The eponymous Bitch Planet is a maximum security prison (on another planet) where Non Compliant women are incarcerated for not adhering to their expected roles in a patriarchal society. That, or their husbands just got tired of them.

DeConnick is examining big ideas here, and while the setting is interesting, the story still feels kinda thin. But it’s still one of the most compelling books I read in 2016.

And now, what you’ve all been waiting for, the Worst Read of the Year:

A Time To Remember by Stanley Shapiro (*)

I’ll put this bluntly. This is a terrible book, terribly written, with terrible characters, a terrible message and a terrible overall sensibility. Author Stanley Shapiro must have been a bitter man; his disdain for people and society rings out loud and clear on almost every one of these pages.

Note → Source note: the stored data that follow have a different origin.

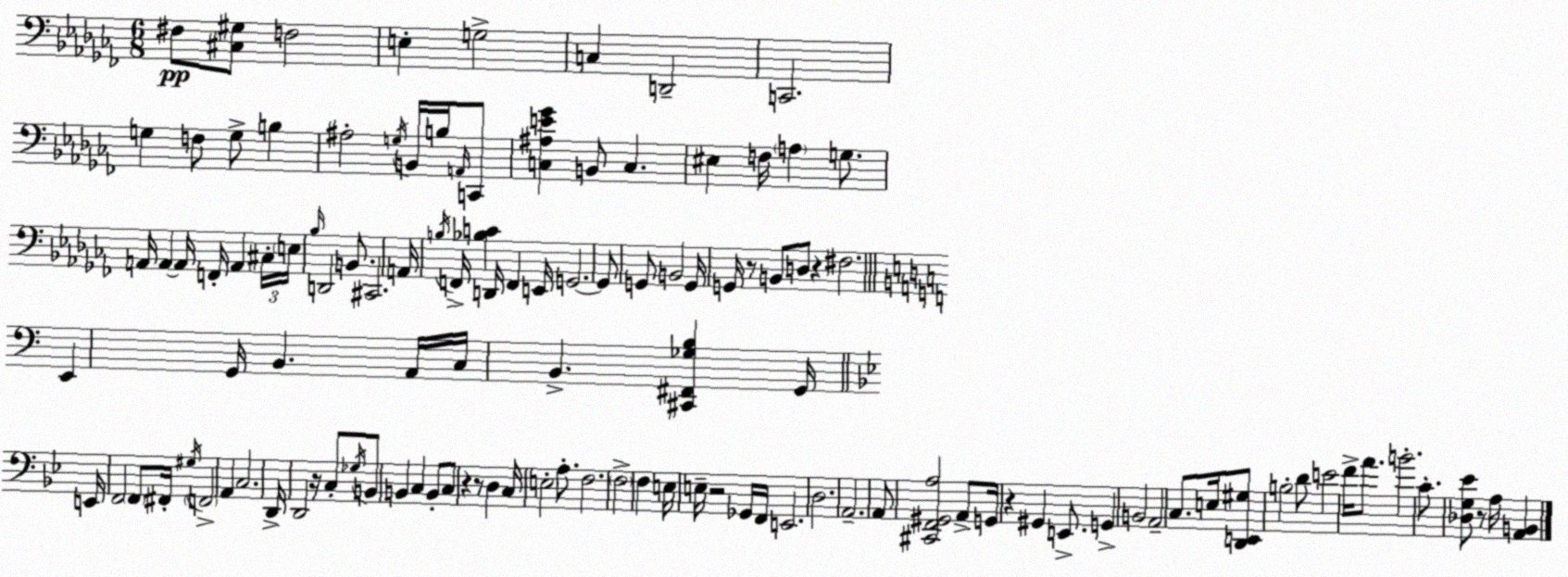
X:1
T:Untitled
M:6/8
L:1/4
K:Abm
^F,/2 [^C,^G,]/2 F,2 E, G,2 C, D,,2 C,,2 G, F,/2 G,/2 B, ^A,2 G,/4 B,,/4 B,/4 A,,/4 C,,/2 [C,^A,E_G] B,,/2 C, ^E, F,/4 A, G,/2 A,,/4 A,, A,,/4 F,,/4 A,, ^C,/4 E,/4 _B,/4 D,,2 B,,/2 ^C,,2 A,,/4 B,/4 F,,/4 [_B,C] D,,/4 F,, E,,/4 G,,2 G,,/2 G,,/2 B,,2 G,,/4 G,,/4 z/2 B,,/2 D,/2 z ^F,2 E,, G,,/4 B,, A,,/4 C,/4 B,, [^C,,^F,,_G,B,] G,,/4 E,,/4 F,,2 F,,/2 ^F,,/4 ^G,/4 F,,2 A,, C,2 D,,/4 D,,2 z/4 C,/2 _G,/4 B,,/2 B,, C, B,,/2 C,/2 z z/2 D, C,/4 E,2 A,/2 F,2 F,2 F, E,/4 E,/4 z2 _G,,/4 F,,/4 E,,2 D,2 A,,2 A,,/2 [^C,,F,,^G,,A,]2 A,,/2 G,,/4 z ^G,, E,,/2 G,, B,,2 A,,2 C,/2 E,/4 [D,,E,,^G,]/2 B,2 D/2 E2 F/4 A/2 B2 C/2 [_D,G,_E]/2 z/2 A,/4 [A,,B,,] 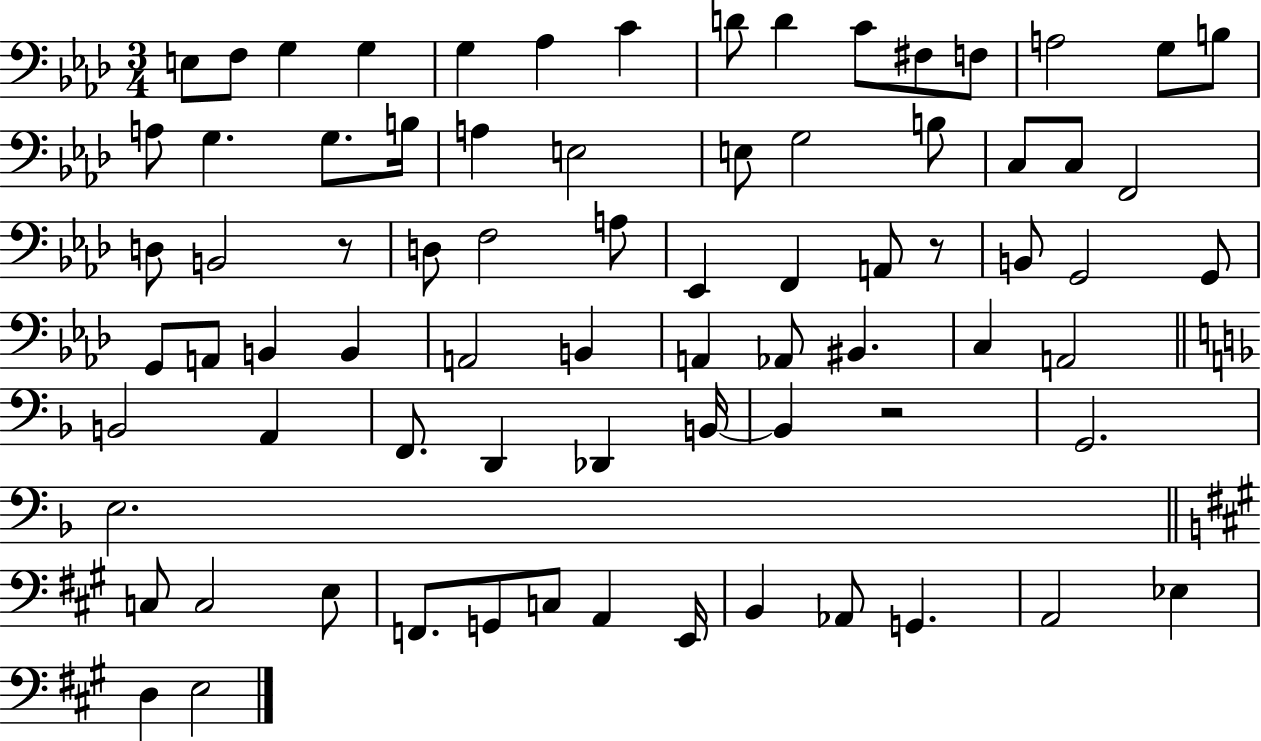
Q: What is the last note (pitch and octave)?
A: E3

I actually read A Time To Remember for my 11.22.63 Podcast, because it’s about a time traveler who tries to prevent the Kennedy assassination. So if you’re interested to hear what I really think about this book, I recommend that you listen to that show, and save your precious reading time for something that’s worth it.

And there you have it, my list for 2016 – which I guess you can call my Year of Hobb. And this trend may continue, as I plan to finally read all of the Star Trek Deep Space Nine “Relaunch” novels this year, which pick up where the TV series ended to carry on the serialized story of the DS9 crew.

If you want more information about these books – and many, many others – check out “What I’m Reading.”

If you read any of the books on this year’s list based on my recommendation, please let me know what you thought. And if you have any titles of your own to recommend, I’m all ears. There’s always room on the shelf for one more.